Smaug1 and Smaug2 knockdown impairs mitochondrial respiration
We investigated the effect of the double knockdown of Smaug1 and Smaug2 (Smaug1+2 double KD), which were efficiently silenced by specific siRNAs (siSmaug1 and siSmaug2) (Fig. 2A). We analyzed the expression of UQCRC1 by immunofluorescence. Single-cell analysis indicated that UQCRC1 protein levels were highly variable and importantly, Smaug1+2 double KD cells frequently showed higher UQCRC1 levels than control cells (Fig. 2B). On average, the UQCRC1 signal increased 1.5 times upon Smaug1+2 double KD. Taken together with the results shown in Fig. 1D–F, these observations suggest that UQCRC1 mRNA is repressed by Smaug1 and/or Smaug2. Western blot analysis similarly indicated a moderate increase of UQCRC1 protein levels upon Smaug1+2 double KD (Fig. S2A). The levels of NDUFB8, SDHB, UQCRC2, MTCO1 and ATP5A were also analyzed by western blotting, and no significant changes were found upon Smaug1+2 KD (Fig. S2A).
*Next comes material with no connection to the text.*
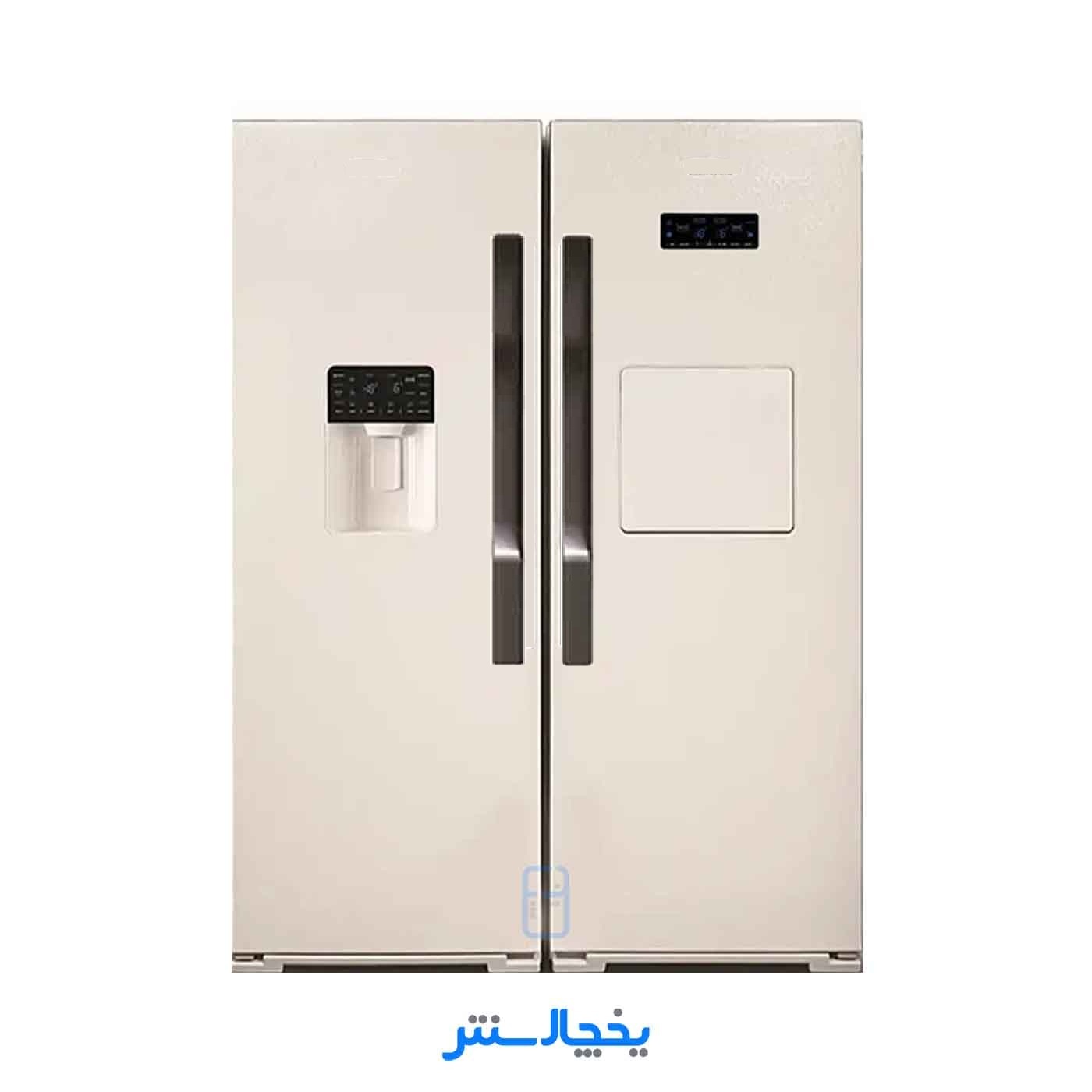 یخچال فریزر دوقلو پلادیوم مدل یونیک PD23 سفید چرم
In addition, we measured the respiratory capacity of intact or permeabilized cells using high-resolution respirometry. We used a protocol termed (SUIT)-RP2, which allows the measurement of the F-pathway, the electron transport capacity and the maximum oxidative phosphorylation (OXPHOS) (Doerrier et al., 2018). We found significant changes in permeabilized cells (Fig. 2C), whereas no effects were observed in intact cells (Fig. S2B). Routine endogenous respiration – which depends on intracellular substrates – remained unchanged upon Smaug1+2 double KD, in accordance with the lack of effect observed in intact cells. In contrast, oxygen flux through fatty acid oxidation was reduced upon Smaug1 and Smaug2 double KD (Fig. 2C). A moderate reduction in oxygen flow was observed after activation of the N-pathway with malate [F(N)]. The effect was more significant in the presence of malate, pyruvate and glutamate [FN(PGM)], and stronger upon the addition of succinate (FNS), suggesting defective complex I and II activities. Oxygen flow increased significantly in both control and KD cells after addition of glycerophosphate, indicating that glycerophosphate dehydrogenase shuttle (FNSGp) is functional in both cases, with almost normal maximum respiratory capacity and oxygen flow after inhibition of complex I (FNSGpe; SGpe). Finally, complex IV activity was not affected by Smaug1+2 double KD [control non-targeting siRNA (siNT), 168; siSmaug1+2, 164 pmol/s×million cells×mtDNA, see Materials and Methods]. Taken together, these observations indicate decreased succinate-activated respiration upon Smaug1 and Smaug2 double KD. In addition, we studied the effect of Smaug1+2 KD on mitochondrial membrane potential by JC-1 staining. Cells treated with the strong depolarizing agent CCCP were analyzed in parallel. Silencing of Smaug1+2 did not significantly affect mitochondrial membrane potential (Fig. 2D,E).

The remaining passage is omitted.